* Required work:
With pictures excluded, give again exactly the lines running from the one holding "Twee beste vrienden" through the end of the listing below.
*** Records for this exercise Section Begins ***
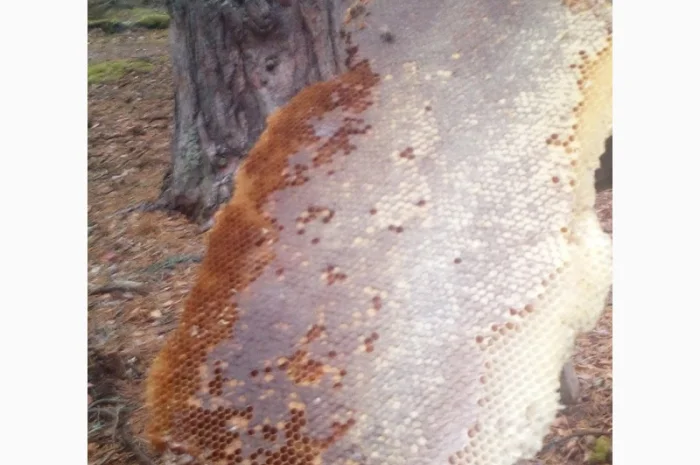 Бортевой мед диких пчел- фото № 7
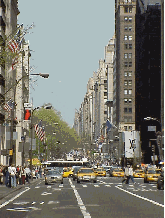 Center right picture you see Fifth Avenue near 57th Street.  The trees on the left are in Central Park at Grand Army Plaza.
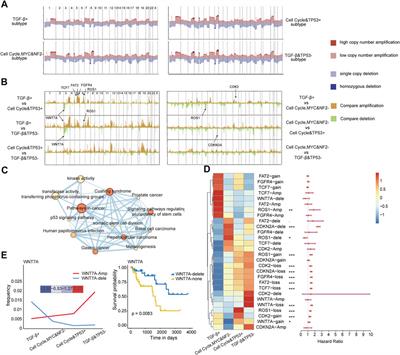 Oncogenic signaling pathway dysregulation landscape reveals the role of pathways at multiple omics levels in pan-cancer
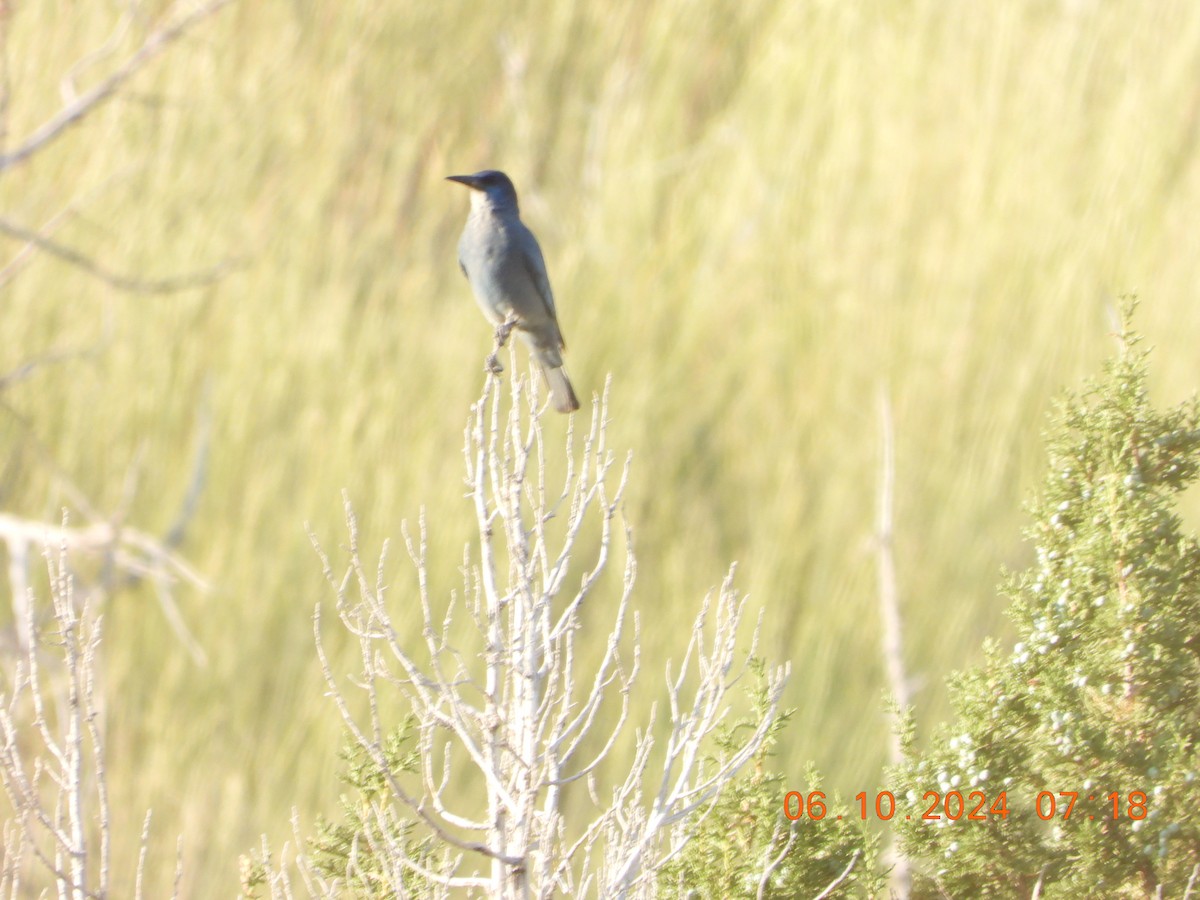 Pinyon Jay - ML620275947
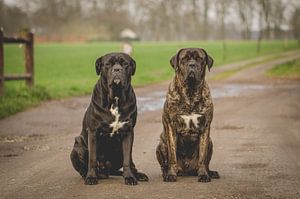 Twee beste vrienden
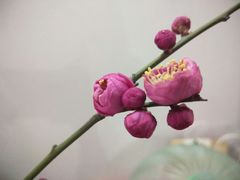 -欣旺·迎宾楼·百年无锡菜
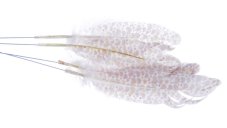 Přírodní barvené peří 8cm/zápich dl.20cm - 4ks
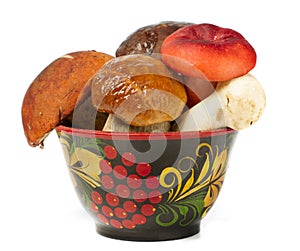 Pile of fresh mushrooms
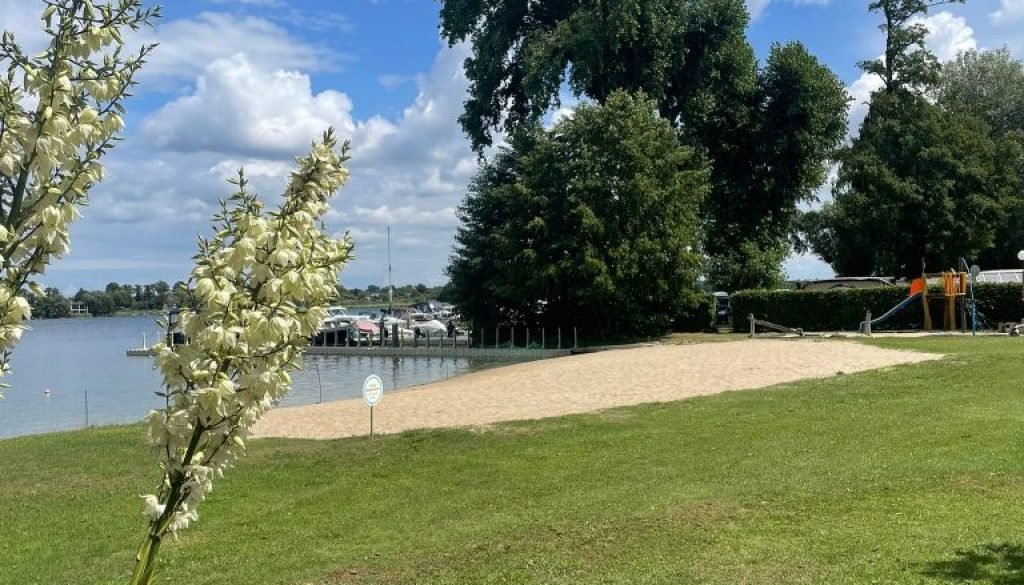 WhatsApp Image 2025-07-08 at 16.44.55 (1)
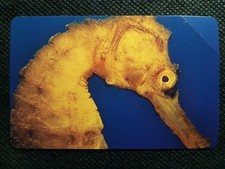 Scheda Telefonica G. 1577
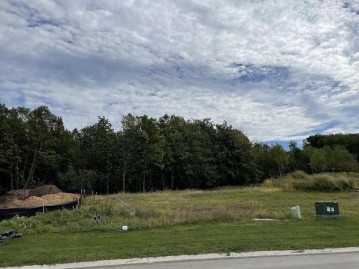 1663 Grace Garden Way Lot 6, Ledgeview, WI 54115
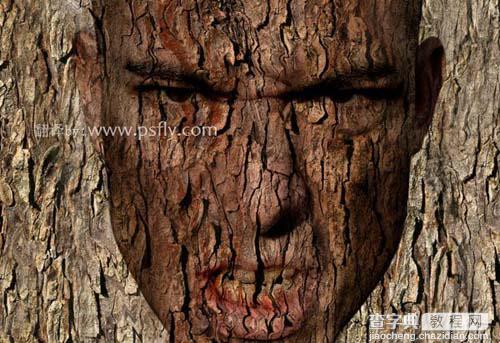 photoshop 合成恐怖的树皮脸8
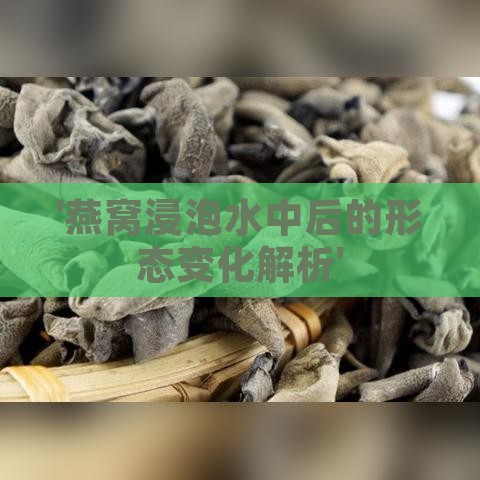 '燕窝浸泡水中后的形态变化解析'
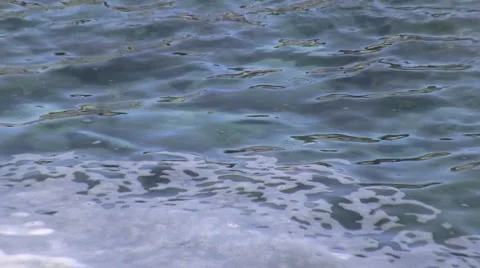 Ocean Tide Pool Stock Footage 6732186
*** Records for this exercise Section Ends ***
* The answer:
 Twee beste vrienden
 -欣旺·迎宾楼·百年无锡菜
 Přírodní barvené peří 8cm/zápich dl.20cm - 4ks
 Pile of fresh mushrooms
 WhatsApp Image 2025-07-08 at 16.44.55 (1)
 Scheda Telefonica G. 1577
 1663 Grace Garden Way Lot 6, Ledgeview, WI 54115
 photoshop 合成恐怖的树皮脸8
 '燕窝浸泡水中后的形态变化解析'
 Ocean Tide Pool Stock Footage 6732186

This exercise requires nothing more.